The lines you return must be all those in the data that hold the string "venta".

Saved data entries

== Segment start ==

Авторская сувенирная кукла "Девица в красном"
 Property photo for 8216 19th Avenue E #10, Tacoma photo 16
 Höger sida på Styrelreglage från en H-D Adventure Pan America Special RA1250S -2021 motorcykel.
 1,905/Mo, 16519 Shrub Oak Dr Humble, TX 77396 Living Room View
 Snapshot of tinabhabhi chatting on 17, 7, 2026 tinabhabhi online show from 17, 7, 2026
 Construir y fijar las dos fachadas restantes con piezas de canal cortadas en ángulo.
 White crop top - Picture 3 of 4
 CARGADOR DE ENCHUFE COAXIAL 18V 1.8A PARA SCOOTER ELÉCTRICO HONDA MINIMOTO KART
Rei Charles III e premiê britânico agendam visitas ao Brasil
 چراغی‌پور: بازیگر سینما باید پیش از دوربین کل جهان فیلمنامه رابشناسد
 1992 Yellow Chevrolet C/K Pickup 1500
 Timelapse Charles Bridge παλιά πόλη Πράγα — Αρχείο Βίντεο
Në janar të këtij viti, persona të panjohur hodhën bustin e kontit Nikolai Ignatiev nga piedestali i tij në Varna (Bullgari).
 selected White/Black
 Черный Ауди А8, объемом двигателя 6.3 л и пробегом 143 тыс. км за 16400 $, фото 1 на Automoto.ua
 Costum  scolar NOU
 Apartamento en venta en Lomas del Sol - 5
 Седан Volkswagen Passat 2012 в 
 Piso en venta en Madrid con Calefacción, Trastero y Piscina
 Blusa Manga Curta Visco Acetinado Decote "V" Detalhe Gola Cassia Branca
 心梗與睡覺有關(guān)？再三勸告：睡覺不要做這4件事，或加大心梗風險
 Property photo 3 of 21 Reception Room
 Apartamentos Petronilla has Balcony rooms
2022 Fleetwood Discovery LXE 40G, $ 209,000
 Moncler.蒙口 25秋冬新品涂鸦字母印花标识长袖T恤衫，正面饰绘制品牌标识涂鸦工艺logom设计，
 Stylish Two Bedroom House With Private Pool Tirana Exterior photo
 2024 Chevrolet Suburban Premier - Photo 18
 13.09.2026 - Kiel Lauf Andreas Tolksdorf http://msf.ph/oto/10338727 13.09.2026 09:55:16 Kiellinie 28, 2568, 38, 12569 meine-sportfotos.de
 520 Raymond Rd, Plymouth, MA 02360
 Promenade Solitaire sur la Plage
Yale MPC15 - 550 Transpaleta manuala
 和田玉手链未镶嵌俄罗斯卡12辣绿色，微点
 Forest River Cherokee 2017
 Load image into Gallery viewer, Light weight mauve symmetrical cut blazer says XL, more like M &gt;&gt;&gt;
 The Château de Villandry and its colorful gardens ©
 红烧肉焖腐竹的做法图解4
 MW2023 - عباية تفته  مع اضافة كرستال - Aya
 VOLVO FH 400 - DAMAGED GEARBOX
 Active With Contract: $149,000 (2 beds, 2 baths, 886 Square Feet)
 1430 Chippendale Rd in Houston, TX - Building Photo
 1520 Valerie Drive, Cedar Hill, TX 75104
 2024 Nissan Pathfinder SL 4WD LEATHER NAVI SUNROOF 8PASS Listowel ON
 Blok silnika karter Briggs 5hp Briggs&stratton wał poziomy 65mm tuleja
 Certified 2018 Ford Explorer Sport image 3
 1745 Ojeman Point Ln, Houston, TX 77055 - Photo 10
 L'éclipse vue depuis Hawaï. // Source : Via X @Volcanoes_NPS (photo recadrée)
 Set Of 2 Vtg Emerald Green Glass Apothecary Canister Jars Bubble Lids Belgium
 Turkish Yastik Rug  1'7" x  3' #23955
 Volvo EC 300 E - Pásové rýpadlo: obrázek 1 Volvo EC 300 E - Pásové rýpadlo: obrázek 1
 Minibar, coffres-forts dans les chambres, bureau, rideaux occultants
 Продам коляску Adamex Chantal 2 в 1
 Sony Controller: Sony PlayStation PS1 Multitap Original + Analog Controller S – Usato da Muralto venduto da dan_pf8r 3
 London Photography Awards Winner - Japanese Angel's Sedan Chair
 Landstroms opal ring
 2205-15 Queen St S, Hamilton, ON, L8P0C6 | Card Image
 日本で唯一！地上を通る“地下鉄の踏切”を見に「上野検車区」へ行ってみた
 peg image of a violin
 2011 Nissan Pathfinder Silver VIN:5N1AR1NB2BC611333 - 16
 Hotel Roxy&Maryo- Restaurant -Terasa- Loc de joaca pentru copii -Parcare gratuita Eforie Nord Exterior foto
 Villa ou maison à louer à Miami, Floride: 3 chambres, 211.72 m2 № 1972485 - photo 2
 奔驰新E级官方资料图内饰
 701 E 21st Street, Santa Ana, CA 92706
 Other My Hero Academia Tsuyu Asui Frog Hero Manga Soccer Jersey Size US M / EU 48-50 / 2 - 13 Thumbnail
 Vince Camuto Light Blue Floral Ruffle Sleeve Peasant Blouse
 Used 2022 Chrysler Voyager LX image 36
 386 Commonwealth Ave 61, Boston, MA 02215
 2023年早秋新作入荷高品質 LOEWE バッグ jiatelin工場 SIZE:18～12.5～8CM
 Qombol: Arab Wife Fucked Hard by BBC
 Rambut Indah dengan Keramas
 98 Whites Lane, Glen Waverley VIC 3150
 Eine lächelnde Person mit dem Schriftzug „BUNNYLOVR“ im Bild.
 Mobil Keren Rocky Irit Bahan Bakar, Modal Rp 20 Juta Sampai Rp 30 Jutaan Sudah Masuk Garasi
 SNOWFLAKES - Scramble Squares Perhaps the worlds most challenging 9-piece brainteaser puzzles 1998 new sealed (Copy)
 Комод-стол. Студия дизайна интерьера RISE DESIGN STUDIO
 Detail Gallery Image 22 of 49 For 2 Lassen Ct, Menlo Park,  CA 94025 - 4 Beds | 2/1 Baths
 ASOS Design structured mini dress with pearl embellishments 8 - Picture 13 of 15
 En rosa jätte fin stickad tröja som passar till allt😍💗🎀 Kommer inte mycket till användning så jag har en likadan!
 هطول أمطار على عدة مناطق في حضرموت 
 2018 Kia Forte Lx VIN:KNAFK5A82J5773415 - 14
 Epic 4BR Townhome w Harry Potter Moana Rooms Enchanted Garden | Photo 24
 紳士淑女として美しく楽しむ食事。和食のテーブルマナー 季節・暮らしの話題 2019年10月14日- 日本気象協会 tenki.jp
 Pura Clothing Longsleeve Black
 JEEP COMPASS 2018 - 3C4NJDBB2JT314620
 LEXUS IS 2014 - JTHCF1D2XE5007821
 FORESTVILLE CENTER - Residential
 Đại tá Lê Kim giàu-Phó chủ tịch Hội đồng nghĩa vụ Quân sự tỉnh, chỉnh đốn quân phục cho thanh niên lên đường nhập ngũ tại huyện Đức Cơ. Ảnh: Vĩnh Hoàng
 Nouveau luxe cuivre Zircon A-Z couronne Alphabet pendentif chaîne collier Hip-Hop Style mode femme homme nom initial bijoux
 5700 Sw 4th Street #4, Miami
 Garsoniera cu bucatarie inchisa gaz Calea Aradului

== Segment end ==

Exercise solution.
 Apartamento en venta en Lomas del Sol - 5
 Piso en venta en Madrid con Calefacción, Trastero y Piscina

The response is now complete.